Lead single “Bombs” kicks things off impressively; the chugging, chiming, understated beat, whispered social analysis from Maxi Jazz, and striking video making it classic music-with-a-message Faithless .
From there though things get increasingly bogged down in the bathetic soup of ‘new parent’ syndrome. “Spiders, Crocodiles and Kryptonite” has someone uttering childish inanities over a quasi-eerie soundtrack; the record is saved by an extended segment of The Cure’s “Lullaby”, but only just.
“Music Matters” (with Cass Fox), an otherwise decent, uplifting piece, is similarly marred by embarrassingly mawkish lyrics that give praise to ‘all those who stood up and counted / all those for whom money was no motive,’ etc.
And it gets worse. “I Hope” is made up of trite messages of parental hope (‘I hope you don’t die before your time / I hope you always brush your teeth’), while the title track lazily plots child-death statistics over a plodding beat and throws in a chorus that chirps: ‘We’d die for you / kill for you’. So much for being anti-violence.
Mixed messages and vacuous consciousness-raising aside, the music is also sub-par. Aside from “Bombs”, none of the tracks during the first half of the album inspire, with the droopy “Last This Day” (with Dido) and the nondescript “Nate’s Tune” being particularly wishy-washy.

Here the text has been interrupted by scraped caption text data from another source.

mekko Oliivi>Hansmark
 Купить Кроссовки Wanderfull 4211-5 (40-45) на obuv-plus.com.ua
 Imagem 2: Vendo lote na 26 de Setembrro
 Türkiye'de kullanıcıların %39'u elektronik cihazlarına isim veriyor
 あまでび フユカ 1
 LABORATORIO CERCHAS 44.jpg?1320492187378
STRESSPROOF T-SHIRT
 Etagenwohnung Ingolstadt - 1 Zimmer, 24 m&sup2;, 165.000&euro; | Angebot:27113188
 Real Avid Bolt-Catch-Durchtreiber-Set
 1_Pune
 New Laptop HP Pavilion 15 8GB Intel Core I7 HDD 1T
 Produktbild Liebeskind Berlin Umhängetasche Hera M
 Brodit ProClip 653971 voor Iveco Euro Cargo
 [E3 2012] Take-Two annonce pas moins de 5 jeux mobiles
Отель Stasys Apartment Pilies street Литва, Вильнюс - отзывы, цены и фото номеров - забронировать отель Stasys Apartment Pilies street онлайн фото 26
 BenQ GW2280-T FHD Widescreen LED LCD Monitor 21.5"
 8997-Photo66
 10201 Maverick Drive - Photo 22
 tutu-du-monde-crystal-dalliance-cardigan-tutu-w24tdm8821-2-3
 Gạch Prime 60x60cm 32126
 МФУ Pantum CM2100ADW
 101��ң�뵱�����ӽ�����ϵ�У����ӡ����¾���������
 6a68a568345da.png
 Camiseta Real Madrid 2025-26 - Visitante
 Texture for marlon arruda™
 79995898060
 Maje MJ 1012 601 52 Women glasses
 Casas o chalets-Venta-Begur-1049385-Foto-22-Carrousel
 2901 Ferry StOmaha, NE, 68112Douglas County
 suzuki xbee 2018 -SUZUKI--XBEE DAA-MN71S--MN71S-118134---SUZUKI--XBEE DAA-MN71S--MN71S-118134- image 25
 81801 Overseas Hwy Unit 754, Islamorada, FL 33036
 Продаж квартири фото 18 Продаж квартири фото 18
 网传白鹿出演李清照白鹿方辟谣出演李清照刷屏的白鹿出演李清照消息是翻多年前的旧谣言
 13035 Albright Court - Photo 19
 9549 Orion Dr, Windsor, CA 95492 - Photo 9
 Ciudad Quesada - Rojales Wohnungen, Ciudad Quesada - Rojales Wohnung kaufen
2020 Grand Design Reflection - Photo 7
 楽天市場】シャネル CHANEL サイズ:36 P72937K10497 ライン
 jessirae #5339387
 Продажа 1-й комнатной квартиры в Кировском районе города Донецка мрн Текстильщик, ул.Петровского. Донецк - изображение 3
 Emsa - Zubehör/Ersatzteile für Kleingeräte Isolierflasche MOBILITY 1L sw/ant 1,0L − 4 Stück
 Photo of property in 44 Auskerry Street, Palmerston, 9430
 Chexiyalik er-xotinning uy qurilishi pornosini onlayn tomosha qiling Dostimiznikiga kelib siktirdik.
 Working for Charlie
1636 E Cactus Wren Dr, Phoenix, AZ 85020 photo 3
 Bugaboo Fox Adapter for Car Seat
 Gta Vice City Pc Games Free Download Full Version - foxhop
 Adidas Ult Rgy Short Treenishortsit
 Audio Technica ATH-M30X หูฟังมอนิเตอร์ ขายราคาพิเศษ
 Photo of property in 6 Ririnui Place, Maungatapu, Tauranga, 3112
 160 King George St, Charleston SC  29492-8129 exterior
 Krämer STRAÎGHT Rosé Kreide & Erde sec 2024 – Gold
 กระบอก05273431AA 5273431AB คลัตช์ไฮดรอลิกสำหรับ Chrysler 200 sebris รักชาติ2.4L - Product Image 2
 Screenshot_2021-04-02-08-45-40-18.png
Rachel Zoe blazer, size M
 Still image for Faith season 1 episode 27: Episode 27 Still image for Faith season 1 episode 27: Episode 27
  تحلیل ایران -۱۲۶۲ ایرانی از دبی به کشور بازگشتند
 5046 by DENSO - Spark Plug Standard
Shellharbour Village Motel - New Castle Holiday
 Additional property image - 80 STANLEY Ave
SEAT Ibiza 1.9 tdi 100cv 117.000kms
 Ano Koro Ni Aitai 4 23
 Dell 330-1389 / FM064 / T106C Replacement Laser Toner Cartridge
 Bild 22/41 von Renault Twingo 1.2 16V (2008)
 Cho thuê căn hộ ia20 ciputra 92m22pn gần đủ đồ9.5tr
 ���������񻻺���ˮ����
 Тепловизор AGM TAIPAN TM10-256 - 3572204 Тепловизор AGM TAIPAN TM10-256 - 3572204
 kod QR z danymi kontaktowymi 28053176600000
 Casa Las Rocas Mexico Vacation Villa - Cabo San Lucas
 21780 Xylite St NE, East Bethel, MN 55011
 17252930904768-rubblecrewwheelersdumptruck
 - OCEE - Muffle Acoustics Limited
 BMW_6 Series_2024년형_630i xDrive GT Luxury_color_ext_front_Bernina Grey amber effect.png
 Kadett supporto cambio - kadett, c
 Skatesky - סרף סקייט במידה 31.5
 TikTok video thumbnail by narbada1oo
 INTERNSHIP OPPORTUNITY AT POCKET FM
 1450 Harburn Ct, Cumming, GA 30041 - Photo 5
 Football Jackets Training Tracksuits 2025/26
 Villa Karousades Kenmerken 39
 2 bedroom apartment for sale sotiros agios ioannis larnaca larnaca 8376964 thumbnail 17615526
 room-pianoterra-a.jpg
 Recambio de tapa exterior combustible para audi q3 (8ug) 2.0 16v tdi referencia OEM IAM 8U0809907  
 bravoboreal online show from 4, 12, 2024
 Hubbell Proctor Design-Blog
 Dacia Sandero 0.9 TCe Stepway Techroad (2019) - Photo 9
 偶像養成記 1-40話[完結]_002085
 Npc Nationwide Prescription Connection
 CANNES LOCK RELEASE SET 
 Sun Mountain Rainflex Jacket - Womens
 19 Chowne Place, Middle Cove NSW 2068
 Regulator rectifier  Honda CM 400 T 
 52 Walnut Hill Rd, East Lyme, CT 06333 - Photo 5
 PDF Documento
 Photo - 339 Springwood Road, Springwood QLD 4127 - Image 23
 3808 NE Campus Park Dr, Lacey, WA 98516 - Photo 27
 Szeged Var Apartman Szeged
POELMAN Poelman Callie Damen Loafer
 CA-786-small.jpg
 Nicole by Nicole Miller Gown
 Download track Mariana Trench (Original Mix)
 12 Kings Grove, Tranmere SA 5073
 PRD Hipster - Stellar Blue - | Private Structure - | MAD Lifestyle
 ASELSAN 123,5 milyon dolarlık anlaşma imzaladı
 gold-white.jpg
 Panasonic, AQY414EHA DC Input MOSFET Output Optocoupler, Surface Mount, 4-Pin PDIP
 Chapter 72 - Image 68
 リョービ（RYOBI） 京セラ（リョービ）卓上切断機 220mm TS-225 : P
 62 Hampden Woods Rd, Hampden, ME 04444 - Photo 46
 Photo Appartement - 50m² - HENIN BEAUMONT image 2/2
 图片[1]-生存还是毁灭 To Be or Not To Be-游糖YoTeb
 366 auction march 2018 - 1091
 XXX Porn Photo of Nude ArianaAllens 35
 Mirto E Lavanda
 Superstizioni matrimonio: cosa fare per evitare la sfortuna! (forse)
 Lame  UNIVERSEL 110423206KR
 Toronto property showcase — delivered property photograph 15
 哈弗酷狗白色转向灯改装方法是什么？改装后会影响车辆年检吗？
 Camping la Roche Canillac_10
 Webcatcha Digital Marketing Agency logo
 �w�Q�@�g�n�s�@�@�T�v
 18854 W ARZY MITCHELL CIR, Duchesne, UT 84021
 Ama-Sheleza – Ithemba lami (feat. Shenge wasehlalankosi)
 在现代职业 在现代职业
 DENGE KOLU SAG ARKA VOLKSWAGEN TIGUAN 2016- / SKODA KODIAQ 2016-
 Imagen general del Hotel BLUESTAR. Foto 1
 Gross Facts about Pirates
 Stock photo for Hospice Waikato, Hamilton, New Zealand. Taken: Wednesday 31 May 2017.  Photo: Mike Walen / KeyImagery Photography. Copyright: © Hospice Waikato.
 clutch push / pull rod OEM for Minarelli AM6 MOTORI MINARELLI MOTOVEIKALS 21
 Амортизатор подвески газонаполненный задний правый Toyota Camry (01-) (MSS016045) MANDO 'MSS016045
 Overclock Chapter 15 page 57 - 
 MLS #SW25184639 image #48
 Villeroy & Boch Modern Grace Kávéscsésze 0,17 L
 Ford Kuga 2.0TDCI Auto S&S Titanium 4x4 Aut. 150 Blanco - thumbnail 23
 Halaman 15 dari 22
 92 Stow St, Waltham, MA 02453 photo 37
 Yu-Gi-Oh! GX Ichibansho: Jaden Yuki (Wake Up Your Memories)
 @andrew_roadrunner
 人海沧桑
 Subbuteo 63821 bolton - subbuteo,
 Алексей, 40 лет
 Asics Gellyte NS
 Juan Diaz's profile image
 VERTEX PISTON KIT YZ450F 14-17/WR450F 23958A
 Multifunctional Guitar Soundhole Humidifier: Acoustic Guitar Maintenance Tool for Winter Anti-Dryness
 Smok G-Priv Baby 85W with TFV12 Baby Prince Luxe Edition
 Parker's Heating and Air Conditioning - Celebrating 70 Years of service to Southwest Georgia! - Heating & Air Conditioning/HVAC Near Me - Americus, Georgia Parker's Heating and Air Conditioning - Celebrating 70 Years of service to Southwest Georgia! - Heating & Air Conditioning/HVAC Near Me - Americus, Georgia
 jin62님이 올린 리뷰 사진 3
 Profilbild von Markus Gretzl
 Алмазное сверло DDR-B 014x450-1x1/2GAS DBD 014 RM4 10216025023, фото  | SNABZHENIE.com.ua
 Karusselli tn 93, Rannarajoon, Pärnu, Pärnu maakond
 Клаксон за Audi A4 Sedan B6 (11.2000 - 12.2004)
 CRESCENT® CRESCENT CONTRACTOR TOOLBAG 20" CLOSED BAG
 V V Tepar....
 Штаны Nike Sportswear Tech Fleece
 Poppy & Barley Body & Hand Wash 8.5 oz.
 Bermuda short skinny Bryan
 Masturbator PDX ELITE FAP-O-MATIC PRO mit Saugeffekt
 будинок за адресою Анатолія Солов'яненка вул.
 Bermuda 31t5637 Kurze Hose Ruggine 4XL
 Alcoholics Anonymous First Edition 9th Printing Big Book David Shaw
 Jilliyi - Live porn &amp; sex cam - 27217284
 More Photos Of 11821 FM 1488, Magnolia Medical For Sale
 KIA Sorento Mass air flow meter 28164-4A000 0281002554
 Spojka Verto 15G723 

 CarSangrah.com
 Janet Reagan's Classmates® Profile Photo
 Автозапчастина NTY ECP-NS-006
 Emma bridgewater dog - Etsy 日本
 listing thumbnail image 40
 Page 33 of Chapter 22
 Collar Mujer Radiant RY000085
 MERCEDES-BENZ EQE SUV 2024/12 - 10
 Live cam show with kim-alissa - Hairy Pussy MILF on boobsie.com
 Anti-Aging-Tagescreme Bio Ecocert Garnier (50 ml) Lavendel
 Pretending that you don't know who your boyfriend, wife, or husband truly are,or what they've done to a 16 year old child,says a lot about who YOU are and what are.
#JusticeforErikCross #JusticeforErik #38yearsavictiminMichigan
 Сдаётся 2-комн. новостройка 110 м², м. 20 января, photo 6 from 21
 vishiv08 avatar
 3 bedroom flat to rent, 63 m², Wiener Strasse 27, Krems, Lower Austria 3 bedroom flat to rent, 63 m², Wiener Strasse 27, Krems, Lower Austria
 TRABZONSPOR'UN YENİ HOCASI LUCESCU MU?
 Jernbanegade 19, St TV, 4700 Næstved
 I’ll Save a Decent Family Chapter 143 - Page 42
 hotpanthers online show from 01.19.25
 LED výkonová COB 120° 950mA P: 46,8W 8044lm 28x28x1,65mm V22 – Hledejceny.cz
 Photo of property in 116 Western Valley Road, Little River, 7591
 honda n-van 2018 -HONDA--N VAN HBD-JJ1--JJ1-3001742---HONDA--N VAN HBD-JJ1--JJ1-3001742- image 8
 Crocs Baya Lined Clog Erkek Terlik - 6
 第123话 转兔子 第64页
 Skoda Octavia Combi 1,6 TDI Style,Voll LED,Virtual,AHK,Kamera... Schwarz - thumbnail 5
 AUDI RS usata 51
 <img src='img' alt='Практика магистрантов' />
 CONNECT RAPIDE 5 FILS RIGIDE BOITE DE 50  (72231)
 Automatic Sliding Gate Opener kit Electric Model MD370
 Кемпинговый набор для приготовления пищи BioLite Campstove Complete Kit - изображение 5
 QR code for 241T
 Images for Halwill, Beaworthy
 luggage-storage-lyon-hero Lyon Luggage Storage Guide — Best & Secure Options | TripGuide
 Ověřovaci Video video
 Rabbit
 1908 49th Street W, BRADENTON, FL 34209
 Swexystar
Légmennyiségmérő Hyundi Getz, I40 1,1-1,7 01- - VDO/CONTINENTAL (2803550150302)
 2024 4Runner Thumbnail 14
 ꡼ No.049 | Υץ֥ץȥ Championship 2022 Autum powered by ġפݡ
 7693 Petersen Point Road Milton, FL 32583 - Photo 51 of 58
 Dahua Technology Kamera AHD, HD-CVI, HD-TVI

The album finally snaps out of this languid mood towards the end, with the robust “Hope & Glory”, the genuinely wonderful “A Kind Of Peace” (with Cat Power) and the head-bopping “The Man In You”; even the instrumental finale “Emergency” bristles with a welcome energy.
But there are no “Insomnia”s, no “We Come I”s, and no real sign of Faithless’ former glory, so forcefully represented on their recent Forever Faithless collection. Well-meaning it may be, but To All New Arrivals is far from vintage Faithless.